Here are some pointers to relevant resources regarding Seam Carving, in addition to the class lecture.
The original paper (
http://doi.acm.org/10.1145/1276377.1276390) gives
the description of the dynamic programming approach and the particular
energies used.
The paper on video seam carving
(
http://doi.acm.org/10.1145/1360612.1360615) has the derivation of the
graph cut version of finding optimal seams as well as the description
of the forward energy.
The project pages by Ariel Shamir at
http://www.faculty.idc.ac.il/arik/SCWeb/imret/index.html and
http://www.faculty.idc.ac.il/arik/SCWeb/vidret/index.html are also
worth checking out (nice image comparisons there for example).

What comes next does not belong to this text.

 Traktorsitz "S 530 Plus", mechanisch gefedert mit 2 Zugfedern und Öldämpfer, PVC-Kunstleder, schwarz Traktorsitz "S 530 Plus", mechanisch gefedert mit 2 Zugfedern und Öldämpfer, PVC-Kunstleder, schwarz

In the first homework assignment (due Jan 14. at 8pm PST) we are
asking you to implement seam carving. Specifically your program
should:
- read an image file (either use some library that does this in some
transparent way or limit yourself to some easy [standard] file
format)
- use the dynamic programming approach to implement vertial seams
only.
- use the e1 energy both backward and forward versions (have some way
of choosing which one so that you can compare). To deal with color
treat rgb as a 3-vector and interpret |\partial_x I| as the l_2 norm
of a 3-vector.
- in a preprocess compute all seams to support a reduction by 0-50% of
image width. Use smart numbering of pixels (as described in the
paper [or maybe something better you come up with yourself?]) to
support fast interactive window resizing in the x direction after
preprocessing is finished. Try to be efficient about the
preprocessing, but don't waste time getting super tight in your
code. This is not a speed competition, though having to wait 4
minutes each time gets to be a drag...
- also do expansion up to 50% doing the "run backwards and
interpolate" idea described in the paper.

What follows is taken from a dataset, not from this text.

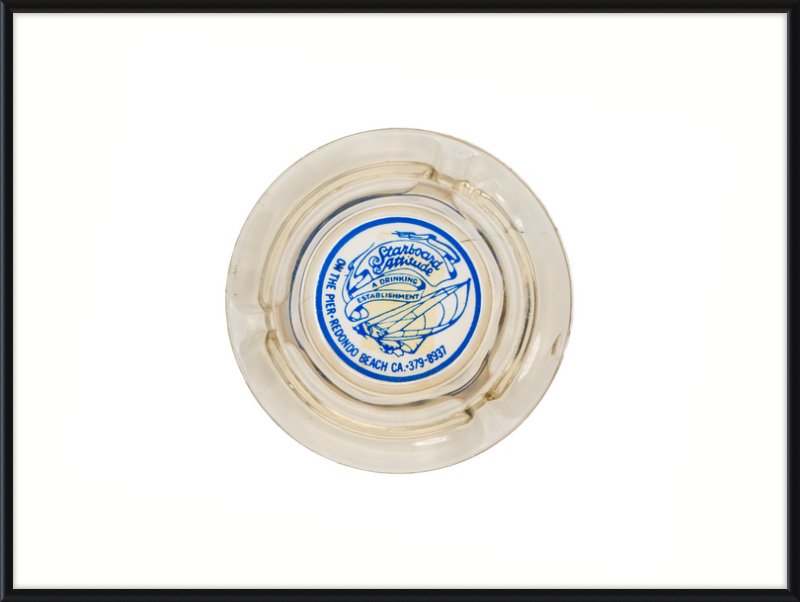 Starboard Attitude a Drinking Establishment Ashtray Wall Art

- this rescaling should be accomplished interactively by resizing the
window on the x direction.
Extra bonus points:
- allow the user to "draw" onto the image to indicate that some region
should have very low energy (to support something like the object
removal trick shown in the paper).
The bonus is 30%. Think carefully whether it's worth your time (if you
already have bits of code to get mouse input to draw some region, say
with a big disk, then do it; if you don't, you may well be spending
too much time just dealing with user interface issues to make this
worth your time...). There'll be other bonus assignments, so no need to
grab this one...
Collaboration policy:
- when trying to understand the content of the papers, please work
together; help each other out!
- stop short of writing code on the whiteboard since it is too easy
for two people to end up handing in what amounts to the same code,
otherwise. That would not be good.
In summary:
- discussion (and generation!) of ideas together is GREAT!
Implementation details everyone has to sweat on their own.

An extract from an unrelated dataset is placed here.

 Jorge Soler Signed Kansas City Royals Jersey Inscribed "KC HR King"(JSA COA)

For this particular assignment only:
- if you have a small snippet of code that uses some image library to
open an image file (say, jpeg or tiff) and display it in a window,
share this with the rest of the class. Nobody should waste their
time banging their head against the wall on that part.
What you need to hand in (to Julian at "panetta at caltech.edu" by 8pm PST Jan 14)
- a pointer to a simple web page showing the results of running your
program on 3 different images. Consider using images from the paper,
which you can download from the above web page pointers. Show a
comparison of forward and backward energy. Show at least one example
where the image content is such that things don't work very well.
- have a link on that page to your code and executable (separate
links). If you use a different OS than Windows XP to
make your executable, tell me where in the building I can run your
code. If it's something exotic, talk to me ahead of time so we can
address the "where do I run this program" issue ahead of
time. Needless to say I will also need to know how to invoke your
program (command line options? user interface? mouse click?
keyboard?). This should be documented on the above web page.
For this first assignment, any questions should be directed to Julian.